OTTAWA — The final blast of major economic data before the federal election is out Friday and economists are predicting a “Raptors effect” may boost the numbers.
Statistics Canada will reveal updated numbers on the country’s economic growth. Good news gives bragging rights to the incumbent Liberal government, but even a sliver of bad news could allow the opposition parties to pounce, arguing the government has mismanaged the economy.
Economists and analysts polled by the National Post suggest that the numbers will likely be rosy — owing partly to the “Raptors effect” which juiced retail sales during the team’s playoff run.
Statistics Canada said a bump in sports merchandise in particular “coincided” with the Toronto Raptors playoff run, and gave a lift to overall retail spending numbers.
The results, whatever they show, could sharpen the divide between the two leading federal parties ahead of the election, as the Conservatives seek to tap into economic anxieties and the rising cost of living for voters and as the Liberals tout their purported record of stable economic growth.
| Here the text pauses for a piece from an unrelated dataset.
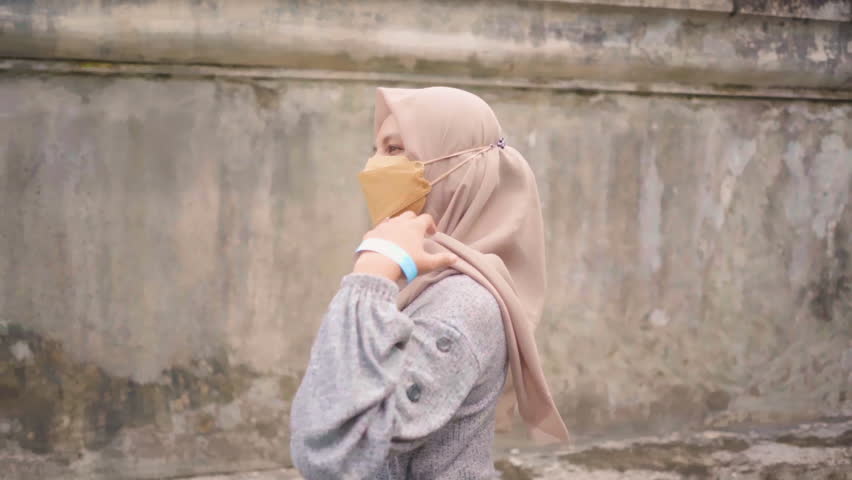 Side view of female with mask walking and enjoying view with concrete wall background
But analysts warn that comforting economic figures could overshadow risks that lie ahead for Canada, particularly amid an ongoing trade battle between the U.S. and China that has sent stock markets tumbling.
“It certainly overstates the underlying strength of the economy,” said Sal Guatieri, senior economist at Bank of Montreal. “We’re not getting back to a 2017 three per cent growth rate — that’s just not in the cards for Canada.”
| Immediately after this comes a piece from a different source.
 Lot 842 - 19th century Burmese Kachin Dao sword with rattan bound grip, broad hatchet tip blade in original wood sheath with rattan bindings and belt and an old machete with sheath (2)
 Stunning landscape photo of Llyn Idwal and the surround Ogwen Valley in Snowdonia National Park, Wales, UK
Economists widely expect to see three per cent growth in the second quarter of 2019, marking a significant uptick from the previous two quarters when the Canadian economy had essentially stalled. Averaged out over the past year, however, the country’s growth rate is closer to 1.5 per cent, or well below the Bank of Canada’s “target” two per cent rate.
And it could get worse. Repeated threats by U.S. President Donald Trump in recent weeks to level trade tariffs against China has sent the global economy into a tail spin, triggering a number of central banks to cut their rate —and in turn spurring recession fears.
“We can’t take too much comfort from where we are now, because we’re probably going to be going through a bit of a rough period,” said Jean-François Perrault, chief economist at Scotiabank.
Perrault was careful not to suggest Canada is inevitably heading toward a recession, but said increased trade tensions could continue to put a drag on the overall economy.
Even so, consumer spending levels in Canada have remained surprisingly resilient, outpacing analyst expectations for the month of June. Unemployment rates in Canada have also remained among the lowest in history.
Economic updates have a history of shaping past election campaigns.
Four years ago, as the 2015 election approached, the same GDP data gave Justin Trudeau’s Liberals the ammunition to argue that Canada was in a recession and that the country needed Trudeau’s plan to run deficits and juice the economy. Tom Mulcair’s NDP and Stephen Harper’s Conservatives both promised to balance the budget.
The economic situation now, with good numbers but an underlying cause for concern, is the inverse of the situation four years ago, where the numbers looked bad, but the experts were sanguine. In 2015, the numbers looked worse than they were and economists said it was a “technical recession,” rather than a true recession. After the election, Canada’s employment numbers remained mostly steady and the broader economy recovered quickly.
We can’t take too much comfort from where we are now, because we’re probably going to be going through a bit of a rough period
But the economic debate during the election campaign may came down to how voters feel, more than any specific economic indicator. A poll last month showed the issue that concerns most Canada is rising cost of living. Although inflation has been consistently low for years and the results of the poll confused some economists, it could be that issues like housing affordability in cities like Vancouver and Toronto were preying on the respondents’ minds.
It is already clear, though, that the parties will have no shortage of platform planks to address the economic concerns of voters. Andrew Scheer’s Conservatives have already introduced a plan to remove the GST on home heating and another to give a tax break on maternity leave benefits.
Earlier this week the party announced a campaign slogan that promised to help Canadians “get ahead” in world that is increasingly expensive for average-income families. In a campaign video posted to social media on Thursday, former prime minister Stephen Harper urged Canadians to vote for Scheer as a way to stem growing household costs.
“Paying the bills is getting harder and harder, as every essentials get more and more expensive,” Harper said.
Talking to reporters on Thursday, Prime Minister Justin Trudeau touted his government’s plans to spend on infrastructure projects across Canada, while also noting that some Canadians remain “concerned” about the broader economy.
“We have put in place a program to invest in Canadians, to invest in communities, to invest in partnership with the provinces,” he said.
A recent Nanos poll commissioned by Bloomberg News showed that Canadians are starting to break in favour of Trudeau on the question of who is the better steward of the economy. Until mid-July, that question had shown Trudeau neck-and-neck with Scheer, but the prime minister has recently begun to pull ahead.